DENORMS Action’s Workshop “Modelling of high performance acoustic structures Porous media, metamaterials and sonic crystals”, Rome, 24-25th January 2017

Website of DENORMS Action

Programme of the Workshop

Acoustic metamaterials (i.e. subwavelength absorbers), metasurfaces and sonic crystals for audible sound manipulation

Speaker: Ashwin Sridhar (Eindhoven University of Technology)

Abstract: 

The design of subwavelength metamaterials is important for low frequency applications especially in areas of sound and vibration isolation. Local resonance is the only dominant phenomena at this length scale. Although the phenomenon has been well understood, there is still a lack of analysis tools for the general design of local resonance metamaterials. The dispersion spectra computed from Finite Element (FE/FEM) models of the unit cell under Bloch boundary conditions provides the most general approach for analyzing the elastodynamic behavior of metamaterials, but the computational cost of such calculations is highly prohibitive and moreover the results obtained are in form of band diagrams which provides a more qualitative picture and not precise characterization of the unit cell, therefore the approach is not ideal towards engineering design and rapid prototyping.

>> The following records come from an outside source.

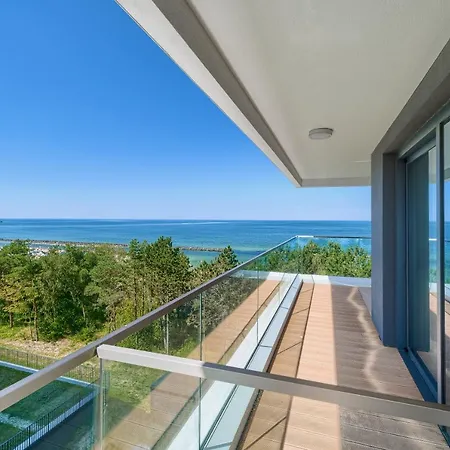 Nautic Park Apartment Darlowko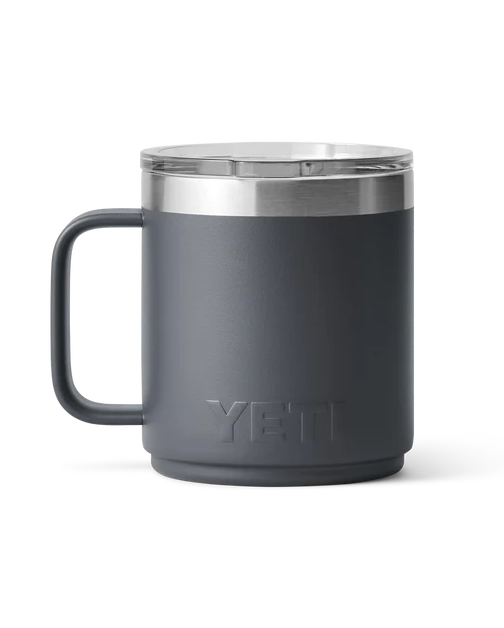 Rambler Mug 10oz - Charcoal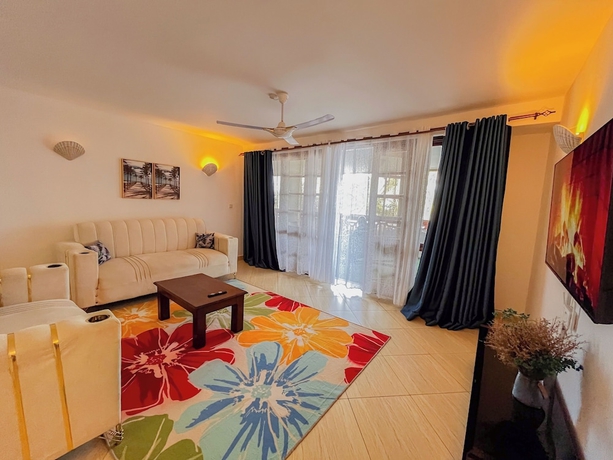 Imagen de la habitación del Hotel Jujo Beachfront Apartments. Foto 15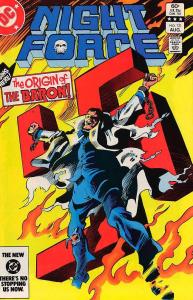 Night Force, Edition# 13 (DC)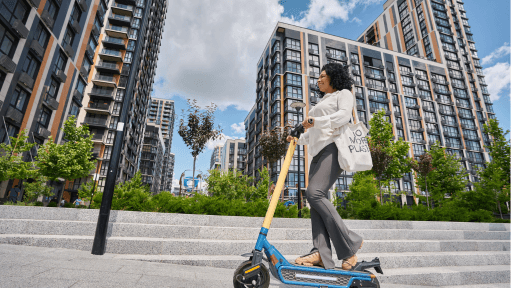 It's banned! Don't Take Your E-scooters Inside Dubai Metro, Tram Starting Today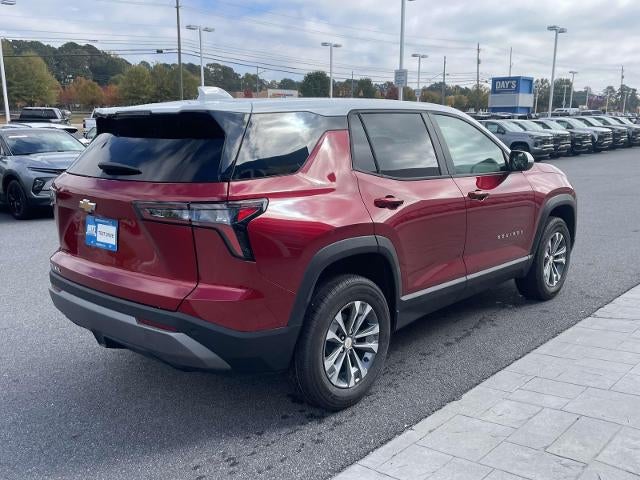 2026 Chevrolet Equinox FWD LT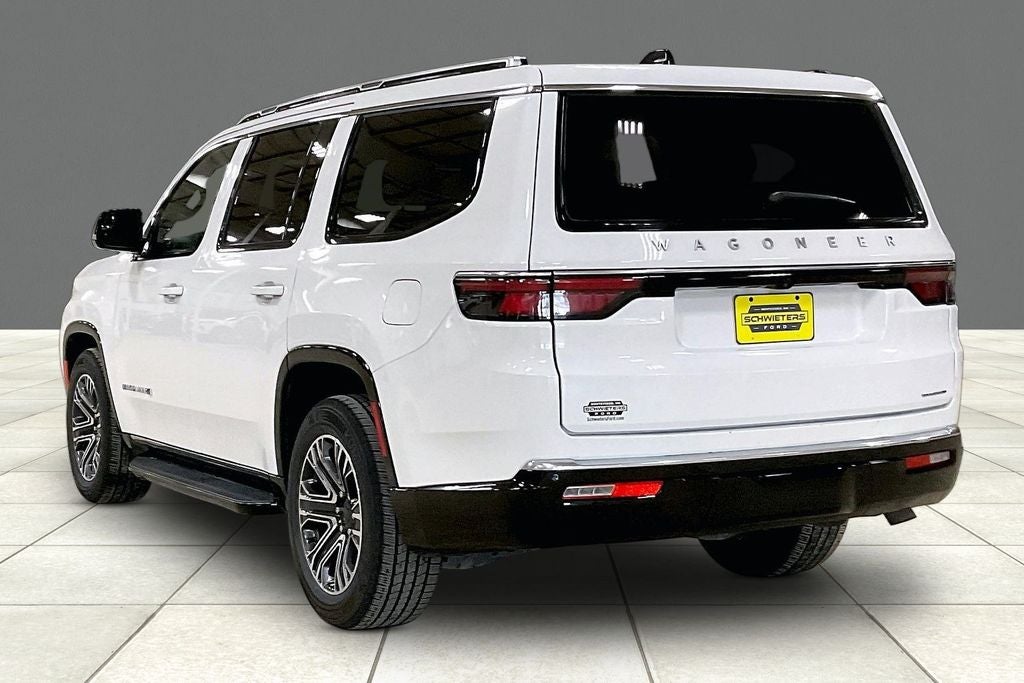 2024 Jeep Wagoneer Series II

Since the analysis is restricted to the subwavelength regime, simpler models can be developed by employing the extended first order homogenization framework [1], which introduces a relaxed scale separation principle that approximates the Bloch boundary condition with periodic boundaries (the Brillouin zone is assumed to extend to infinity) while maintaining the full dynamic description of the microstructure. This assumption is valid for Local Resonance metamaterials with a relatively stiffer matrix compared to the resonating inclusions. Based on this multiscale formulation, a homogenized enriched continuum can be derived in which the standard Cauchy continuum is enriched with additional scalar field variables, each representing the modal amplitude of the respective local resonance eigenmode and, associated with it, the corresponding micro balance law.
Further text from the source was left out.